In order for developing countries to meet the United Nations Sustainable Development Goals (SDGs), the private sector and the countries themselves must be critical providers of funding to achieve the ambitious vision to end poverty, protect the planet, and engender prosperity for all.
The Milken Institute Center for Financial Markets and the Organisation for Economic Co-operation and Development (OECD) partnered to study policy and regulatory issues that are impeding development finance tools.
Through their analysis and survey data, the OECD and the Milken Institute found that guarantee and insurance products can serve as tremendous instruments to help fill the United Nations Sustainable Development Goals financing gap but their potential is far from being maximized.
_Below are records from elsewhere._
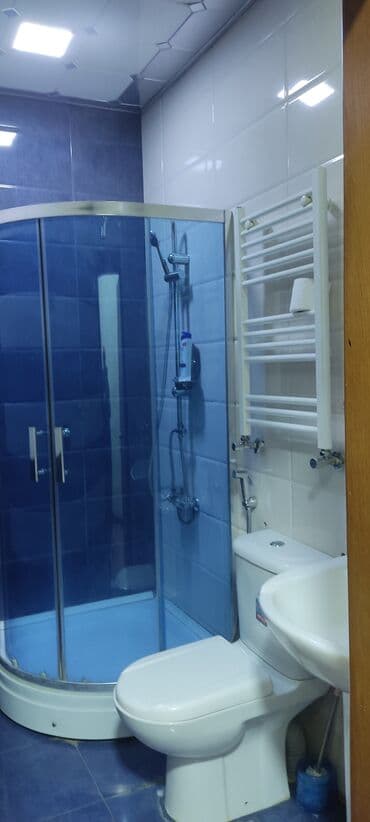 həzi aslanov kirayə: Geniş və rahat qonaq otağı/kiralık otaq. Xüsusiyyətlər: İnşaatçılar — 6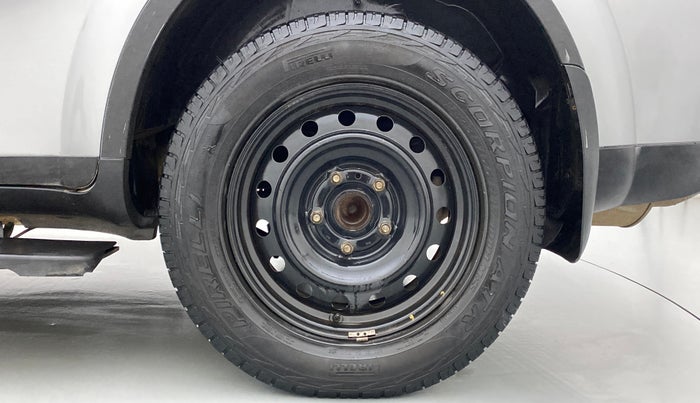 2013 Mahindra XUV500 W6 4X2, Diesel, Manual, 61,648 km, Left Rear Wheel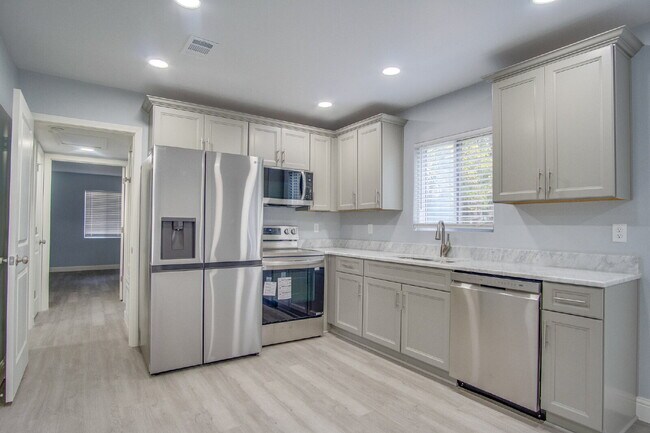 Building Photo - Updated 2BR/2BA Home Near Cordova Mall – Modern Updates & Convenient Location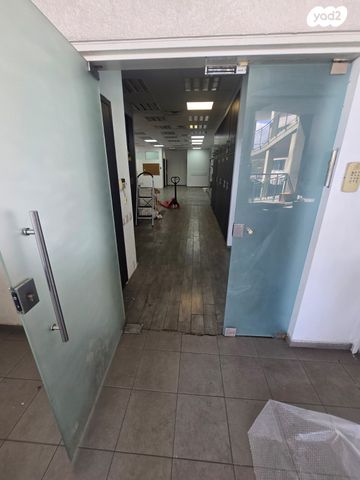 מחסנים, משה לוי 16, מב"ת מערב, אזור תעשייה חדש, ראשון לציון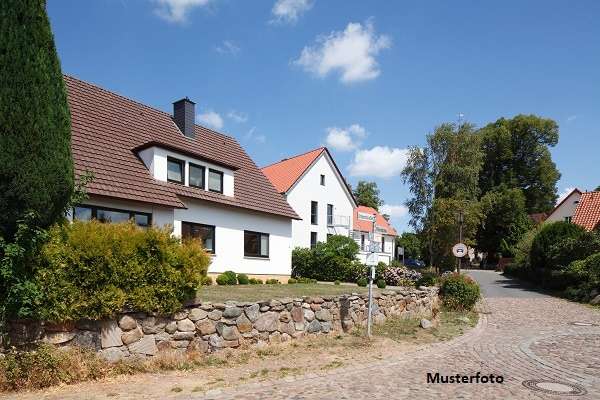 9 rooms House in Gottingen, Germany No. 204967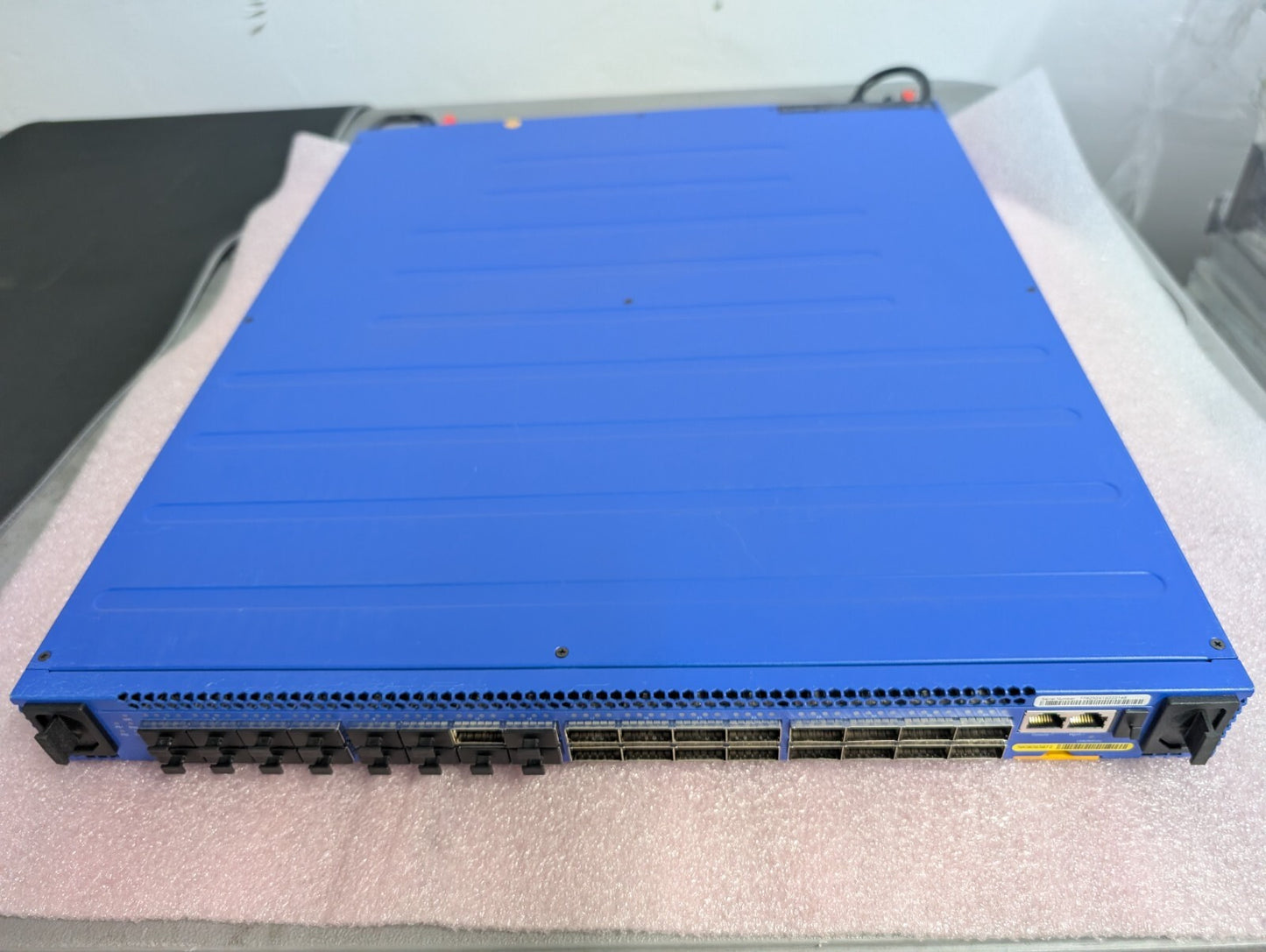 Edge-Core 7762-32X-A-AC-F-HVDC 32-Port 100G Switch AS7762-32X W/ Onie
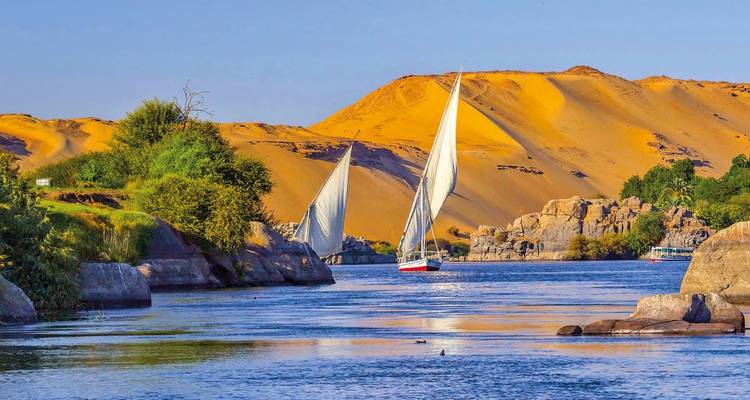 Du Caire avec train couchette Croisière sur le Nil de 4 jours "Assouan à Louxor" aller- retour - Egyptology Travel 4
It is therefore important to address three broad issues in order to increase their use and effectiveness:
There are significant strategic and operational disincentives for development organizations to use guarantees and insurance as opposed to their other products.
Many guarantee and insurance products are incompatible with Basel financial regulations, including regulatory standards on risk weighting and liquidity.
Many guarantee and insurance products are incompatible with banking business models that focus on the origination and sale of loans to institutional investors.
This assessment illustrates how the world’s leading multilateral and bilateral guarantors fare in these three categories. Based on our findings, we suggest a pragmatic set of short- and longer-term recommendations that can contribute to this alignment.